Na początku grudnia w jednym ze sklepów w Piasecznie doszło do niebezpiecznego rozboju. - Sprawca wykorzystał fakt, że w sklepie nie było innych klientów, podszedł do sklepowej lady, wyciągnął z kieszeni młotek i zagroził pracującej tu kobiecie jego użyciem. Wyrażając wobec niej groźby, wyciągnął ze sklepowej kasy kasetę z pieniędzmi i skradł z niej kilkaset złotych - relacjonuje rzecznik KPP Piaseczno nadkom. Jarosław Sawicki.
Policjanci z Komendy Powiatowej Policji w Piasecznie od tamtego czasu prowadzili intensywne działania operacyjne w tej sprawie. Między innymi ustalony został wizerunek sprawcy, z którym zapoznani zostali wszyscy funkcjonariusze podległych jednostek. To pozwoliło rozpoznać sprawcę jednemu z policjantów z wydziału kryminalnego z Piaseczna w czasie wolnym od służby. W miniony weekend zauważył on nieopodal Konstancina-Jeziorny mężczyznę podejrzewanego o dokonanie tego przestępstwa. Poprosił o wsparcie piaseczyńskich patrolowców.

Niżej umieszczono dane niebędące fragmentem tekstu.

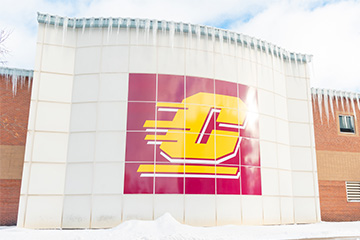 A building with a "C" logo on it has icicles coming down the side.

- Jednak tuż przed ich przybyciem mężczyzna najprawdopodobniej zorientował się w sytuacji i podjął próbę ucieczki. Funkcjonariusz dokonał wówczas jego obezwładnienia i zatrzymania - informuje nadkom. Jarosław Sawicki. - Policjantem jest się przez całą dobę, w służbie i poza nią. Dowiódł tego nasz funkcjonariusz swoją zdecydowaną reakcją i wyczuciem - podkreśla.

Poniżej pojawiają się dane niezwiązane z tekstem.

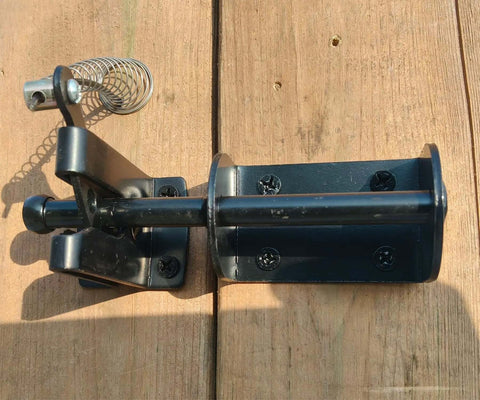 Self Locking Gate Latch For Outdoor Fences In Black Steel With Automatic Gravity Lever Lock Installed on Wooden Gate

37-latek trafił do policyjnej celi. Dalsze czynności poprowadzili policjanci z wydziału dochodzeniowo- śledczego. Zebrany przez nich materiał dowodowy wraz z wnioskiem o zastosowanie środka zapobiegawczego w postaci tymczasowego aresztu został skierowany do prokuratora. Sąd do wniosku się przychyli i najbliższe trzy miesiące 37-latek spędzi w jednym z aresztów śledczych. Przestępstwo rozboju zagrożone jest karą pozbawienia wolności do lat 12.